The Scottish-born classical guitarist, (Michael) Paul Galbraith, studied at St Mary's Specialist Music School in Edinburgh from 1975 to 1978; Chetham's School of Music in Manchester from 1978 to 1981; and Royal Northern College of Music, Manchester, from 1981 to 1985 graduating with a Diploma in Professional Performance (PPRNCM) which is a College award. Later he studied Studies musical interpretation with Greek pianist and conductor, George Hadjinikos from 1983 to 1988. His honours include 3rd prize in 1980, and 1st prize in 1982 in Strings Section of BBC Young Musician of the Year. At the age of 17, he won the Silver Medal at the 1st Andrés Segovia International Guitar Competition. Andrés Segovia, who was present, called his playing "magnificent." He also won Leeds Castle in 1981, and Wiseman Prize in 1984.

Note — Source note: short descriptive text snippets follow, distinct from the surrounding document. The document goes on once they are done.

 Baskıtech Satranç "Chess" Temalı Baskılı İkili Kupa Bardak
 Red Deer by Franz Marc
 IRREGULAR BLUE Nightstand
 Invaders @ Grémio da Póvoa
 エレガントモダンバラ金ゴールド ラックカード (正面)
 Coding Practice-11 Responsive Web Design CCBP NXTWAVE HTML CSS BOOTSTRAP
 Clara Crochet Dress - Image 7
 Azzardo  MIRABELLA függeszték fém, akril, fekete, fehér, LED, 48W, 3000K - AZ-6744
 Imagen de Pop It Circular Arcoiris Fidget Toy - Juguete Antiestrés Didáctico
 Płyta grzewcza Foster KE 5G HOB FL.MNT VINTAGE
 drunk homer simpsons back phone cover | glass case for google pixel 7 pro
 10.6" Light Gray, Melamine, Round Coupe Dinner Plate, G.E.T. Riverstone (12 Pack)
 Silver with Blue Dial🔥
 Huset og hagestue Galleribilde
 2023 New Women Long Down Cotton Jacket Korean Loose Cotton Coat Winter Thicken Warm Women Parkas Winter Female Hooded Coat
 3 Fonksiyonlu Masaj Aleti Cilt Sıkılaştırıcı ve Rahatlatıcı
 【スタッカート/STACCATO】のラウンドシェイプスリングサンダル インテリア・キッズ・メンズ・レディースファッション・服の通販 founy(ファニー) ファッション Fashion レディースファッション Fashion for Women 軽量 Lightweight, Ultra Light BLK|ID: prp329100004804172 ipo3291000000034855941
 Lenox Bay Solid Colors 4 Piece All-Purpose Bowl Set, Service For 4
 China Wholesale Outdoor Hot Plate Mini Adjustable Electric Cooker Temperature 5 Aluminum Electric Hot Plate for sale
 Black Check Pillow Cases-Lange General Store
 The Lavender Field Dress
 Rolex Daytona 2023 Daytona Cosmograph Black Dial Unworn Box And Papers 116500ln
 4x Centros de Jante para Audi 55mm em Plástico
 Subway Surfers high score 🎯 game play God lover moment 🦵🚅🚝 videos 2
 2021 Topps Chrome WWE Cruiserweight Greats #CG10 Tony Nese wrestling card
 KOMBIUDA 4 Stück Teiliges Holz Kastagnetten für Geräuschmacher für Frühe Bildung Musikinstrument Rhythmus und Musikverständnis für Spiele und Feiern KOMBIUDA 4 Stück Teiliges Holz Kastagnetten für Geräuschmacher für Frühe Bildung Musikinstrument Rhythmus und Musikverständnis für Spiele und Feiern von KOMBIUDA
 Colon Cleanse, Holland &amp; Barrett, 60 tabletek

These awards helped launch Paul Galbraith's international career including engagements with some of the finest orchestras in Britain and Europe (Royal Philharmonic Orchestra, Chamber Orchestra of Europe, BBC Philharmonic, Scottish Symphony Orchestra, English Chamber Orchestra, BBC Scottish Symphony Orchestra, Scottish Baroque Orchestra, Ulster Orchestra, Hallé Orchestra and Scottish Chamber Orchestra among them). He toured the USA as soloist with the Moscow Chamber Orchestra, and performed in Prague's Dvorák Hall with the National Chamber Orchestra of Chile. His international tours from 1980 onward, appearing in concertos with orchestras and in recitals, have also brought him to Brazil, Canada, China, West Germany, Greece, Holland, Hungary, Iceland, India, Italy, Norway, Spain, as well as throughout the UK.
Paul Galbraith's unique playing position was first revealed at the Edinburgh Festival in 1989. His guitar (designed in collaboration with the late luthier David Rubio) is supported by a metal endpin, similar to that of a cello, that rests on a wooden resonance box. The instrument has two extra strings, in addition to those of a normal six-string guitar, one high and one low. Both the guitar's extraordinary design and Galbraith's playing style are considered groundbreaking developments in the history of the instrument, increasing its range to an unprecedented extent.
In 1990 Paul Galbraith recorded works by M. Ponce. His later CD's on the Delos label are the Bach Lute Suites (2000), Paul Galbraith Plays Haydn (1999, featuring Galbraith's arrangements of four keyboard sonatas for 8-String guitar), and "In Every Lake the Moon Shines Full"-folk tunes from many countries (2001). Most recently, the CD "French Impressions" of arrangements of piano music by Debussy and Ravel (2006). His double CD of the Complete Solo Bach Violin Sonatas and Partitas was nominated for a 1998 Grammy Award in the category of Best Solo Instrumental Album. This recording was also chosen as one of the two best CD's of 1998 by Gramophone Magazine, which called it "a landmark in the history of guitar recordings." This recording received a four star rating in Stereo Review, and reached the top 10 on the classical charts in Billboard Magazine.
Paul Galbraith has been featured twice on National Public Radio's "All Things Considered" and numerous times on "Performance Today." He made his New York début at the Frick Collection, receiving a rave review in the New York Times; a subsequent NYC engagement on Lincoln Center's "Great Performances" series was sold out. Recent and forthcoming North American recitals include NYC, Boston, Washington DC, Los Angeles, San Diego, Atlanta, St. Louis, Albuquerque, Cincinnati, Cleveland, Portland, Eugene, Seattle, Miami, Baltimore, Buffalo, Amherst, Milwaukee, San Antonio, San Juan, Puerto Rico, and Cuernavaca, Mexico. In addition, tours of the UK, Spain, Portugal, Denmark, Germany, Italy, Hungary, and the Netherlands are among Galbraith's international activities. During the Bach Year (2000) he was featured artist at the Los Angeles, Philadelphia, Denver and Carmel Bach Festivals.
Recent orchestral engagements in the USA include concertos with the Indianapolis Chamber Orchestra, Knoxville Symphony, Santa Rosa Symphony and ProMusica Chamber Orchestra, among others. Galbraith and the St. Petersburg String Quartet gave the World Premiere in March 2003 at Stanford University of a new work, Rhapsody for Guitar and String Quartet, that they co-commissioned from the acclaimed Georgian composer Zurab Nadarejshvili.
Paul Galbraith has lived in Malawi, Greece, London, and, for the last ten years, Brazil. He was a founding member of the Brazilian Guitar Quartet, playing with them until summer of 2003. His principal teacher, since 1983, has been the Greek conductor, pianist and philosopher George Hadjinikos. Galbraith has lived in Brazil with his lutenist wife Celia, and their daughter Luiza since 1996.